Activated Filter Media

Advance Water Treatment Technologies Limited, 2019

AFM is a highly engineered product manufactured from a specific glass type, processed to obtain the optimum particle size and shape. It is then exposed to a three-step activation process to become self-sterilizing and acquire superior mechanical and electro-static filtration performance. AFM attracts and removes heavy metals, organic matters and microplastics.

Featured technology

Fluid purification system

Ricoh Company, Ltd., 2021

This system can break down organic matter in wastewater into carbon dioxide without discharging harmful matter, so that the purified water may be discharged into rivers. The system consists of a crusher, which crushes a solid waste (e.g. waste paper, thermal waste paper, fibers or materials such as plastic film, plastic pellet, cloth, rubber, wood waste), and a mixer, which mixes the crushed product and liquid in order to obtain high concentration organic slurry, which is further processed.

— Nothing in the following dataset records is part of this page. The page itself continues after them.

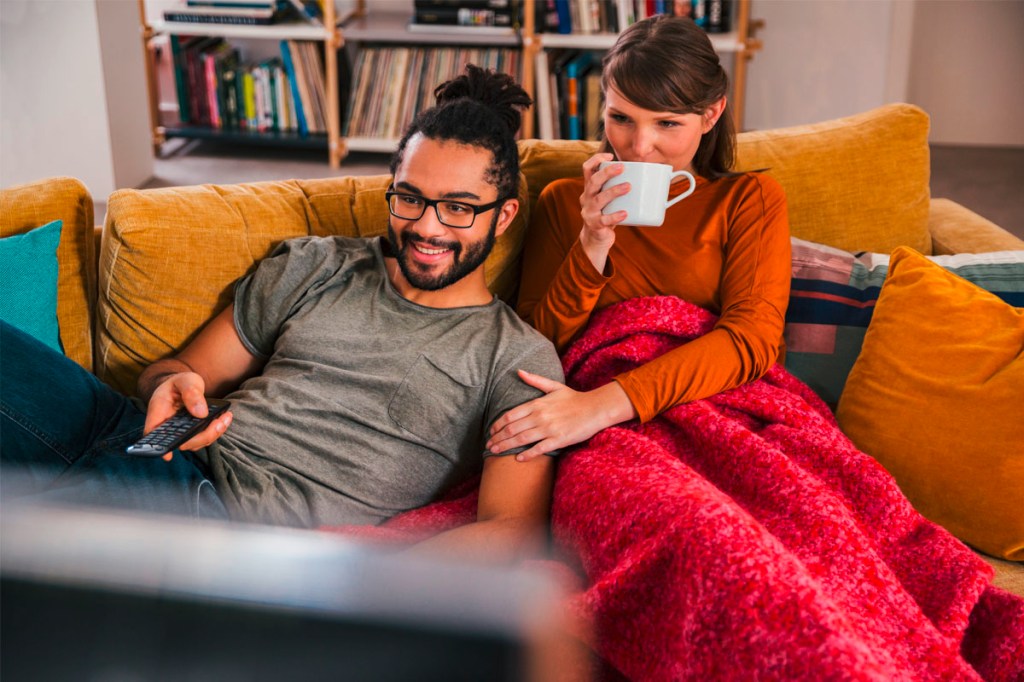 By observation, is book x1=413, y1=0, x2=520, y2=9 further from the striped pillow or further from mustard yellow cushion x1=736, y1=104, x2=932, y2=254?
the striped pillow

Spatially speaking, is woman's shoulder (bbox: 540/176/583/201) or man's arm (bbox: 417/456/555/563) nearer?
man's arm (bbox: 417/456/555/563)

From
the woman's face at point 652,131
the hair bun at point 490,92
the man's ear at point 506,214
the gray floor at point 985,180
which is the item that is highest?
the hair bun at point 490,92

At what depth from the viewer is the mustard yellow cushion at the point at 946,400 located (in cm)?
139

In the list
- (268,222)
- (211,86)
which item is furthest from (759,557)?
(211,86)

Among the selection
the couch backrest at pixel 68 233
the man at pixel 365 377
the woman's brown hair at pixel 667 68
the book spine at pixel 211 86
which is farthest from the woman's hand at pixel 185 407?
the book spine at pixel 211 86

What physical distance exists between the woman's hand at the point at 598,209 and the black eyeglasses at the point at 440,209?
0.16 metres

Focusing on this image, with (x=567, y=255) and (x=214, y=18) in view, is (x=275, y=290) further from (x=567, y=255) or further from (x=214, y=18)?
(x=214, y=18)

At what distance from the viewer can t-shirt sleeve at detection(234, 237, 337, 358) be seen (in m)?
1.50

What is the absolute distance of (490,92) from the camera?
1.56 meters

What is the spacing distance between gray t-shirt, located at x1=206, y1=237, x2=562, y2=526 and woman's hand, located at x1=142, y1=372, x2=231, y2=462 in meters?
0.14

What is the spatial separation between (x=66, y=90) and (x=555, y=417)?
3077 millimetres

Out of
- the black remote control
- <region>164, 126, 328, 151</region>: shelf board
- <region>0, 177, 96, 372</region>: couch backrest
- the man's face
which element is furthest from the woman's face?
<region>164, 126, 328, 151</region>: shelf board

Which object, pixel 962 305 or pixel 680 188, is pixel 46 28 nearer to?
pixel 680 188

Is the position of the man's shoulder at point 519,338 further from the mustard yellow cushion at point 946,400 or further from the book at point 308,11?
the book at point 308,11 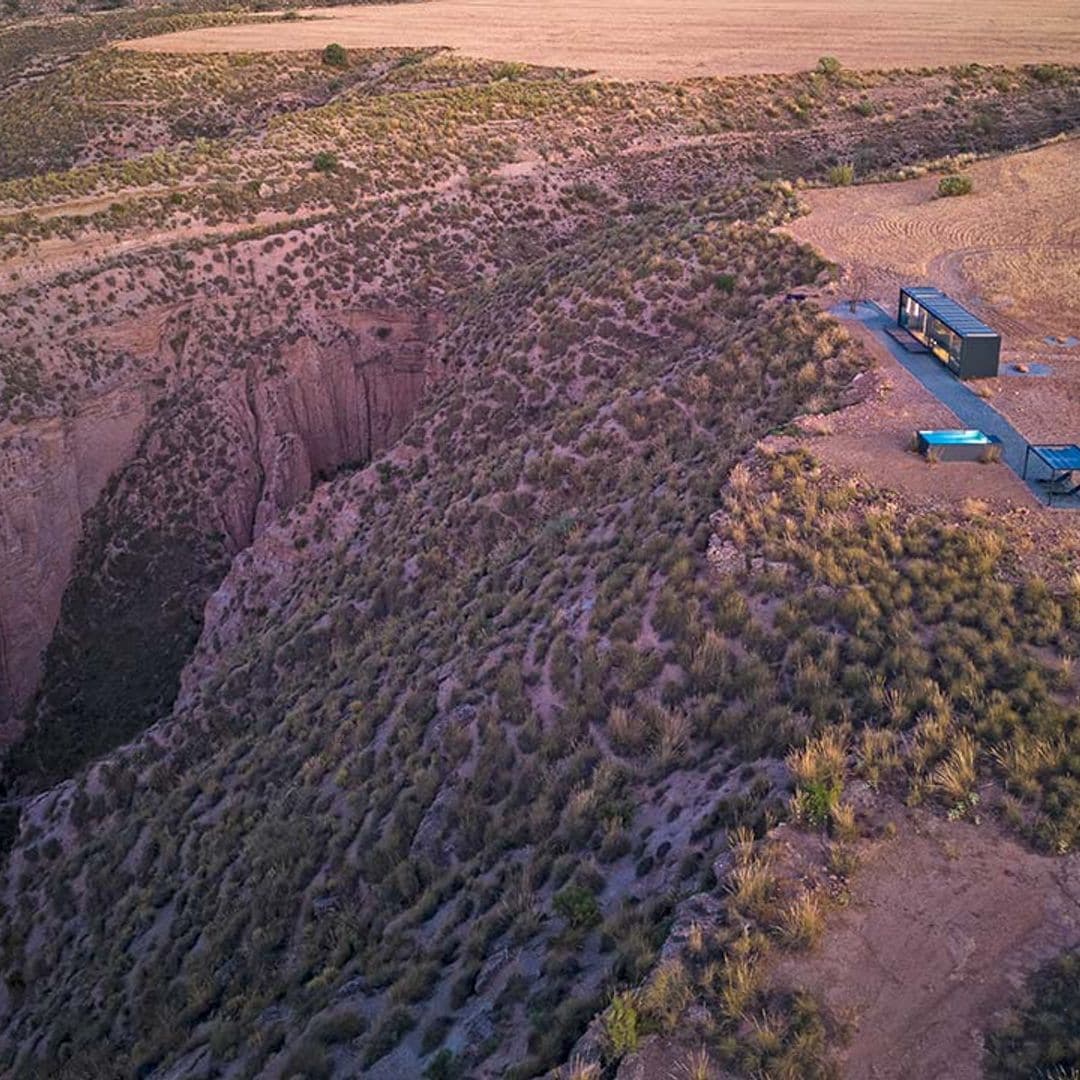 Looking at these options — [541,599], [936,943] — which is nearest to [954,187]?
[541,599]

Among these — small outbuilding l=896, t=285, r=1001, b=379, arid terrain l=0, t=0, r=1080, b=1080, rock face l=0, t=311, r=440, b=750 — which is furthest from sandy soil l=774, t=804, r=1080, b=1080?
rock face l=0, t=311, r=440, b=750

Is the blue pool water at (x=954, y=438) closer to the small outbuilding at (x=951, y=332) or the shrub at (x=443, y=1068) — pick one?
the small outbuilding at (x=951, y=332)

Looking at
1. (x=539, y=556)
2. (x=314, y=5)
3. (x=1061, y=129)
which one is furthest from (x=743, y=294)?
(x=314, y=5)

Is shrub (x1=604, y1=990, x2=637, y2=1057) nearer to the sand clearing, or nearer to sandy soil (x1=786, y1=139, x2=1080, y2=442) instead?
sandy soil (x1=786, y1=139, x2=1080, y2=442)

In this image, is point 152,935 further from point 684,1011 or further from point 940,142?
point 940,142

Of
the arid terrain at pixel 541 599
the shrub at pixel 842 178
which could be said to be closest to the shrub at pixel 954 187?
the arid terrain at pixel 541 599

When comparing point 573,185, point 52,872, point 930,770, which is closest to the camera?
point 930,770

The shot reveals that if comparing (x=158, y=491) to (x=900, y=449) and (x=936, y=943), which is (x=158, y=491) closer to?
(x=900, y=449) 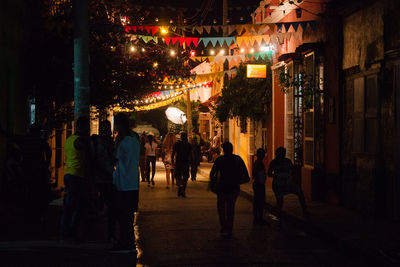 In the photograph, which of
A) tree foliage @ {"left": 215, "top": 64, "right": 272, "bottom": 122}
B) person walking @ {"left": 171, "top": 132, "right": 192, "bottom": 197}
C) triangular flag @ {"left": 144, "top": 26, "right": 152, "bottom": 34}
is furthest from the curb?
tree foliage @ {"left": 215, "top": 64, "right": 272, "bottom": 122}

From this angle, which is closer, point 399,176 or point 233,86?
point 399,176

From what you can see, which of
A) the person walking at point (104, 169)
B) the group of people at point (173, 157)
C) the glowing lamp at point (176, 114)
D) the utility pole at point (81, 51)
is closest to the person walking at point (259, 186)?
the person walking at point (104, 169)

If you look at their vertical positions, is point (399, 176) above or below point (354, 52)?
below

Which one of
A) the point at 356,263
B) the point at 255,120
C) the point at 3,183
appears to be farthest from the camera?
the point at 255,120

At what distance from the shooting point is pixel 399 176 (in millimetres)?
11984

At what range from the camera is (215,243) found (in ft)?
32.9

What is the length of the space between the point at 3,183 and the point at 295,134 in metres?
9.05

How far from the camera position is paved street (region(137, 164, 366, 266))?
28.2ft

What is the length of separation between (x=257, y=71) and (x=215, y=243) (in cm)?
1259

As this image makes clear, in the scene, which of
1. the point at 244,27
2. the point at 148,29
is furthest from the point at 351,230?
the point at 148,29

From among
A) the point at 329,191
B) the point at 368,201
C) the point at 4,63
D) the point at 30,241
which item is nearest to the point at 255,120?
the point at 329,191

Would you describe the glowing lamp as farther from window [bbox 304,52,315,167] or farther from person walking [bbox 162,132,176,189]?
window [bbox 304,52,315,167]

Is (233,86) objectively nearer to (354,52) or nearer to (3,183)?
(354,52)

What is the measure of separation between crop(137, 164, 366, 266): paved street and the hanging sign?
7899 mm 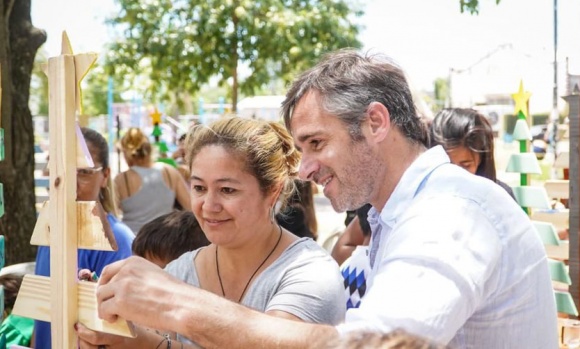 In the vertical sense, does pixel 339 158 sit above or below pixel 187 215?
above

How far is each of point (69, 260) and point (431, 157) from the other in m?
0.79

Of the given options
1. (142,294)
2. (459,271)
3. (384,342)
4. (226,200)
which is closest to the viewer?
(384,342)

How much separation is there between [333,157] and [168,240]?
1.22 metres

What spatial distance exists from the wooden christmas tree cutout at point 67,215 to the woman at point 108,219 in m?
1.10

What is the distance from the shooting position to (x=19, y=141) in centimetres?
465

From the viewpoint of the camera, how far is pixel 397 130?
5.71 ft

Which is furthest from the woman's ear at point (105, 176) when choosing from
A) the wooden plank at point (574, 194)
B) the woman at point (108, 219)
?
the wooden plank at point (574, 194)

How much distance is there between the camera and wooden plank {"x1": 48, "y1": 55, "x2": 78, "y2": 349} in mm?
1608

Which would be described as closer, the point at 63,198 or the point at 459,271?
the point at 459,271

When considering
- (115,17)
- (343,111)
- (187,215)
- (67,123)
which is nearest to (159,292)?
(67,123)

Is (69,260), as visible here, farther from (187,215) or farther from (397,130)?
(187,215)

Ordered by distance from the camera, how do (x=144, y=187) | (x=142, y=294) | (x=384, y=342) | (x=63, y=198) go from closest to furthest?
(x=384, y=342), (x=142, y=294), (x=63, y=198), (x=144, y=187)

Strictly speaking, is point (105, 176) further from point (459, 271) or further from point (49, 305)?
point (459, 271)

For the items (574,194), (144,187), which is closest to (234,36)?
(144,187)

The world’s most urgent needs

According to UNEP, 70 percent of ocean litter sinks to the bottom of the ocean, which makes it very difficult to access. In addition, getting these objects out from the ocean is just the first step; the question of how to recycle them remains. Therefore, preventing plastics and other pollutants from entering the world’s oceans through technology, policy and circular economy would be a much more promising pathway.

Moreover, it is estimated that 90% of all the plastic waste found in the ocean comes from only ten of the world’s rivers. Addressing these sources of pollution and finding an innovative approach to stopping the process – while also preserving the global trade ways that these rivers safeguard – would be a great step towards cleaner oceans.

Featured technology

Beach cleaner technology

Honda Motor Co., Ltd., 2021

Honda is looking to license its patents related to its beach cleaner, aimed to reduce the waste that pollutes oceans and beaches.

Featured technology

Plastic Pollution Cleanup in the Ocean

University of Arizona (through AUTM), 2019

This invention is a specially designed hydrocyclone, a type of cyclonic separator that is meant to separate plastics from water. It is designed in such a way that it can filter plastics smaller than 5mm in size while returning nutrients, like plankton, back to the ocean.

Featured technology

Floating barrier method and apparatus

OIL STOP, INC. (through PATENTSCOPE), 1994

This technology is a float boom for retaining a floatable material, such as hydrocarbons, floating upon a liquid surface. This float boom consists of separate and sequentially arranged buoyancy chambers having depending channels that are interconnected via a passageway, in such a way that an inflating medium is sequentially supplied to the buoyancy chambers.